The battle for a good life is won when we consistently overcome temptation and make the right choices. No one will do this perfectly, but we should try to behave well consistently.
Because so much of our time is spent thinking, it is easy to forget that people draw conclusions about who we are through our behavior. Others don’t know our intentions. They can’t see our regrets. Others know us by the life we live, not by what we think about.
The Patterns of Life
Whether we’re aware of it or not, there is consistency in the way we act. People recognize us by our actions, which become predictable. This does not mean that we can’t surprise people every now and then, but for the most part, all of us settle into a routine that can become familiar to those around us. One way or another, our behavior is what people see and serves as the basis for their impressions about who we are.
Because we are always communicating, it becomes important to be aware of what our words and actions are saying about who we are and how we see the world. Our behavior has a voice. Even ignoring someone sends a powerful message. When we become conscious of what are actions are saying, we can craft the message the world hears about us by consistently behaving in ways that reveal who we are inside.

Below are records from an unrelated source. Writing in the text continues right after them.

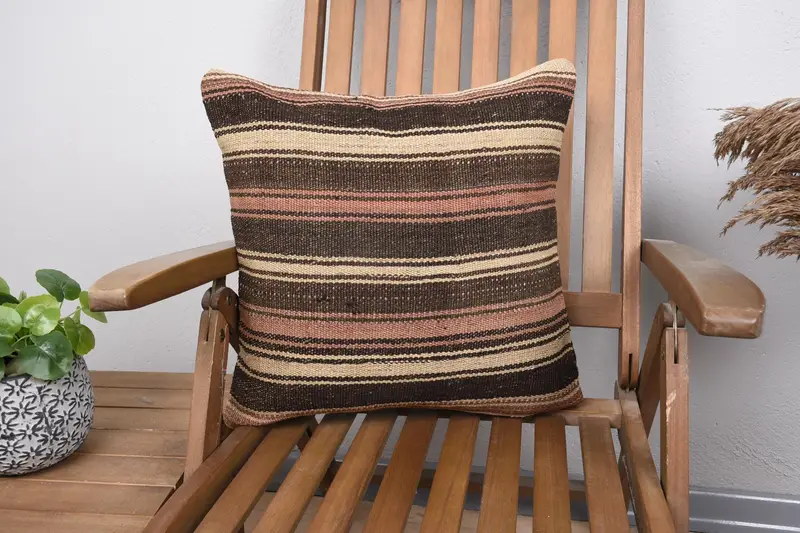 Square Striped Vintage Pillowcase, Antique 18x18 inch FloorBeige Wool Pillow Cover - 1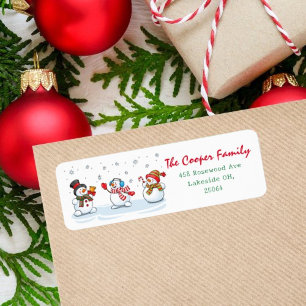 Custom Winter Santa Claus Snowmen Address Label
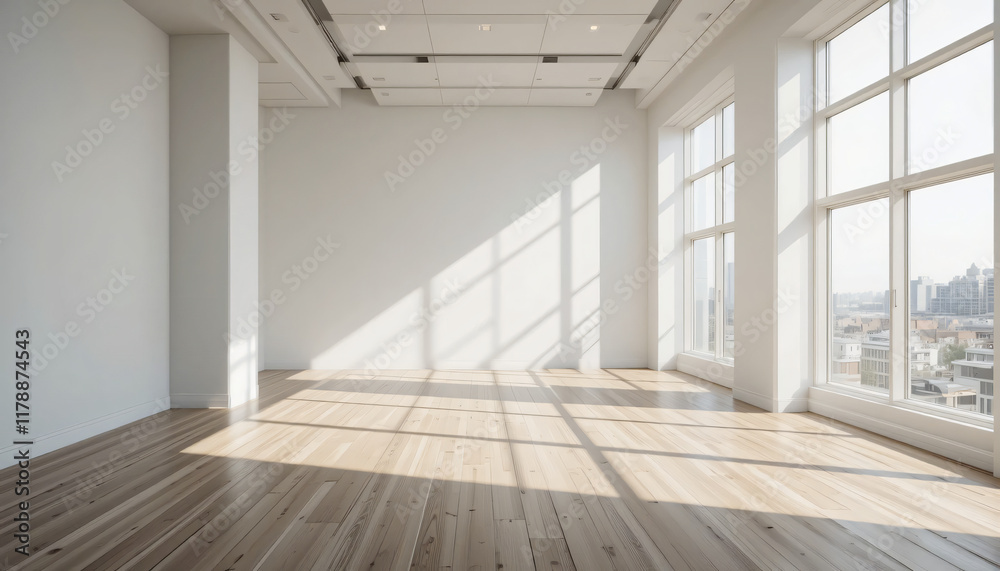 empty room with big window empty room with big window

If I say one kind word and 10 awful ones, I’m not going to be seen as a nice guy. The consistently mean person who does an out-of-character nice thing is seen as manipulative. The person who develops a pattern of honesty and kind living is seen as likeable and reliable. Because the human mind holds on to bad memories and is often quick to forget good ones, it is even more critical to be consistently good; our inevitable moments of imperfection will be all anyone remembers unless they are not far outnumbered by times when we are on our best behavior.

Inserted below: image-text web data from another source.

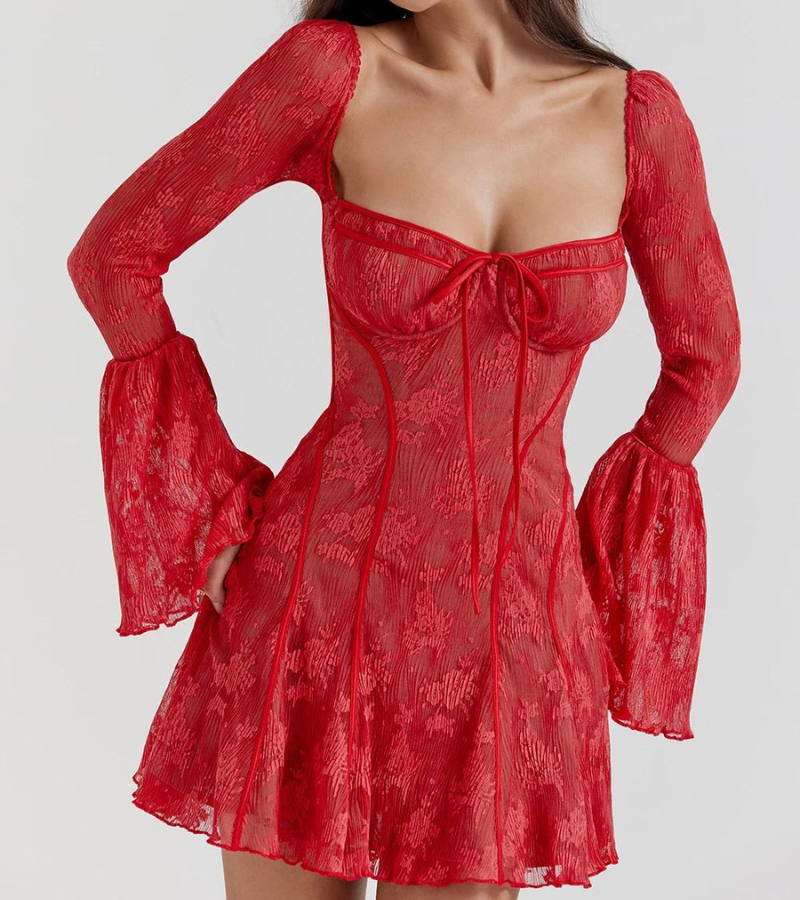 Stilvolles Herbstkleid für Damen mit Spitze und offenem Rücken – Julisa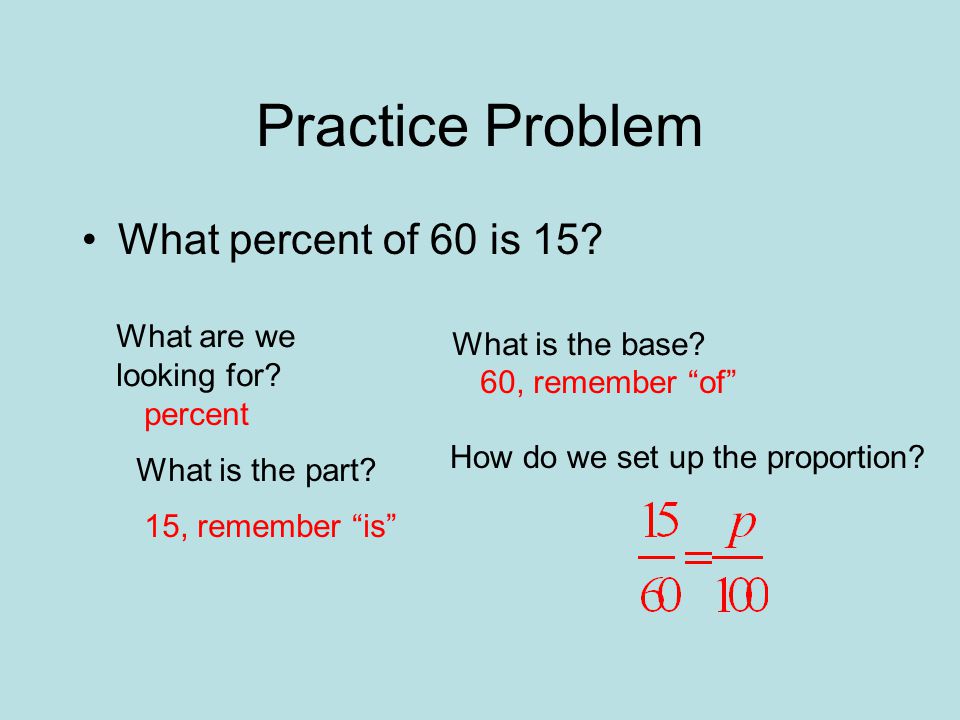 Practice Problem What percent of 60 is 15. What are we looking for.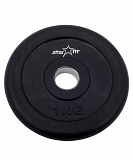 Диск обрезиненный BB-202 1 кг, d=26 мм, черный
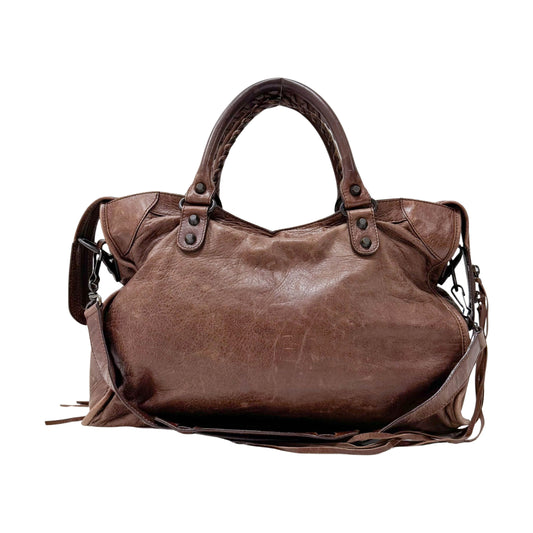 The City Brown Leather Shoulder Bag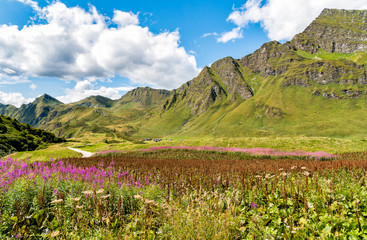 The Alpine Landscape of the Piora Valley, Canton Ticino of Switzerland. 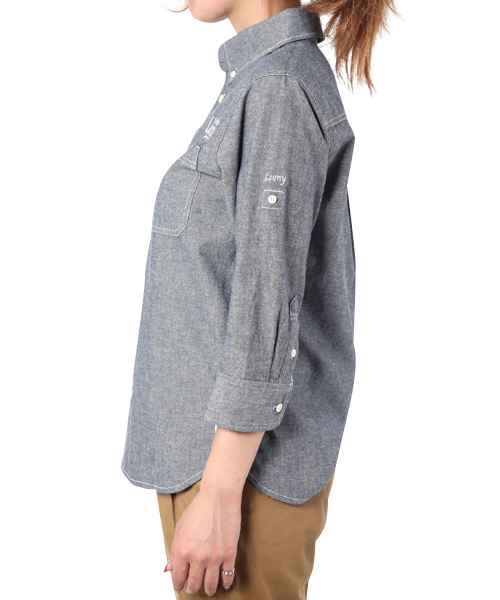 X-girl(エックスガール)の「DUNGAREE H/S SHIRTS(シャツ/ブラウス・レディース・ブルー/ネイビー・1/2)」の4枚目の写真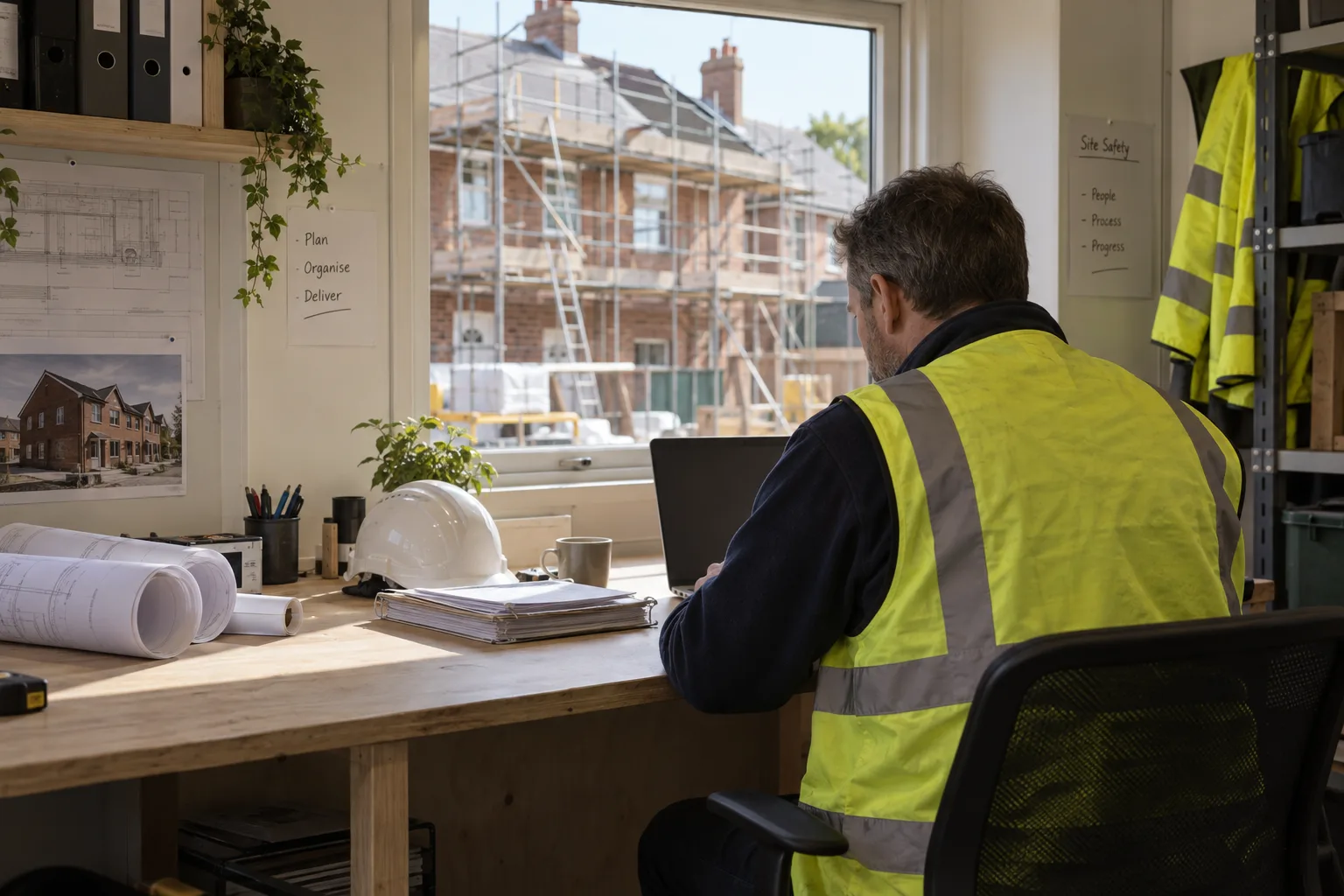 Illustration of a site manager reviewing paperwork in a UK construction site office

In relationship, we like to know what to expect from someone—rocky relationships aren’t satisfying. Characteristics such as trustworthiness, dependability, and responsibility are highly sought after in relationship partners and are only earned when one has behaved consistently well.
When we mess up, we find out quickly how fast trust can be broken. To make things worse, we are often impatient when we try to earn it back, getting frustrated when people still have their doubts about us when we know that we have changed. Public figures offer powerful examples of how steep the fall from grace can be and how hard it can take to climb back on top; many never recover from their mistakes in the eyes of the public.

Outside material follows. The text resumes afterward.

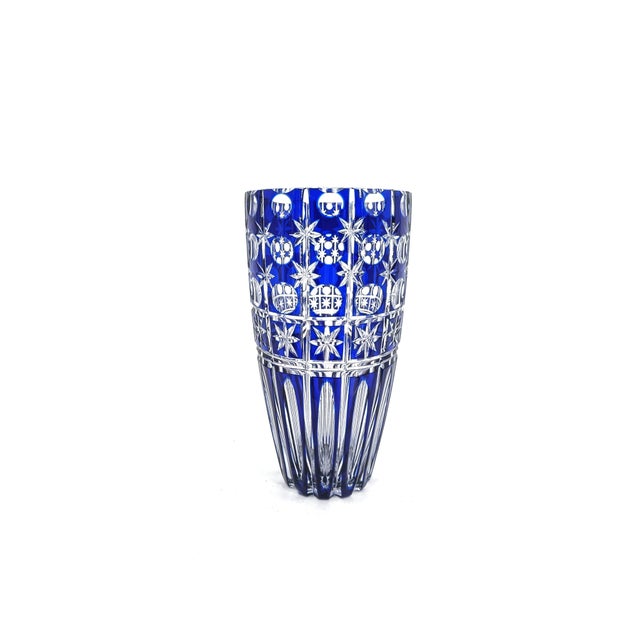 Blue Bohemian Cobalt Blue Cut Crystal Vase, 1960s For Sale - Image 8 of 11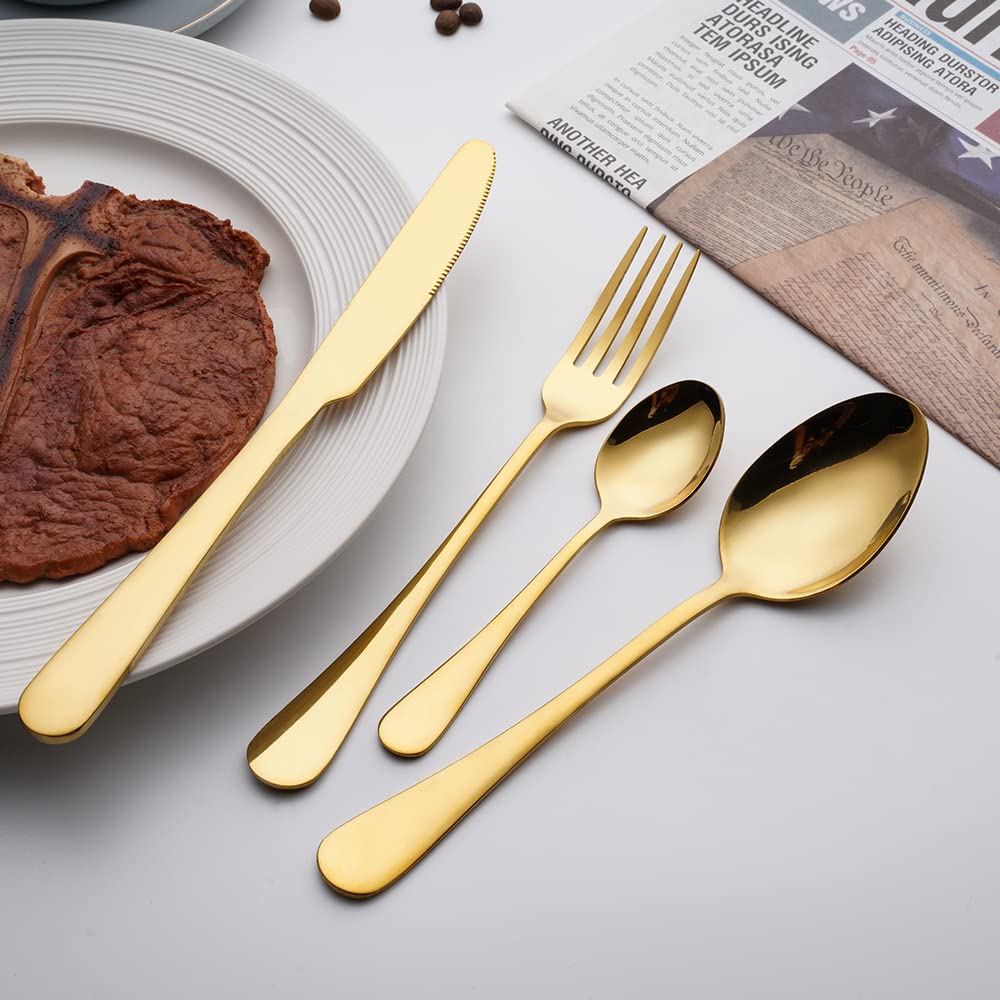 Set Posate In Acciaio Inox Placcato Oro - 8 Pezzi Per 2 Persone, Per Casa E Occasioni Speciali - Foto 5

When we fail, rather than accepting defeat and hiding in the shadows, it would be better to become more consistently well behaved. Yes, there will be people who will forever judge us by the worst days of our past, but we don’t have to live up to their expectations in the present and future. Others will be willing to let us earn their trust; if we work hard and are kind to ourselves and others, we can build a supportive community even after we have behaved poorly.
Hard Choices and Overcoming Temptations
Most of us have experienced wanting two or more things at the same time: we have one week’s vacation and two places we’d like to go; we find two entrees on a menu that sound delicious. When our feelings are mixed, it can be difficult to make a decision. When we have to make a choice between two desirable options, we need to just make a call and not waste our time second guessing ourselves. When the stakes are high or we are facing temptation, we need to consider not only short-term pleasure, but also our values and long-term goals.
Bad behavior can feel incredible, but usually for only a very brief period of time. Bad behaviors give short-term pleasure that is often followed by long-term problems. The truth is that many temptations lose a measure of their appeal when we remember our values and goals in life. Infidelity, drunkenness, lying, and other behaviors that make us feel good in the moment are only seen as the vices they are when we keep our values in check and remember the consequences these actions have over weeks, months, and years. Brief moments of pleasure are never worth it when they lead to big problems over time. When we embrace good values and consistently behave in healthy ways, we avoid temptations and life gets so much better.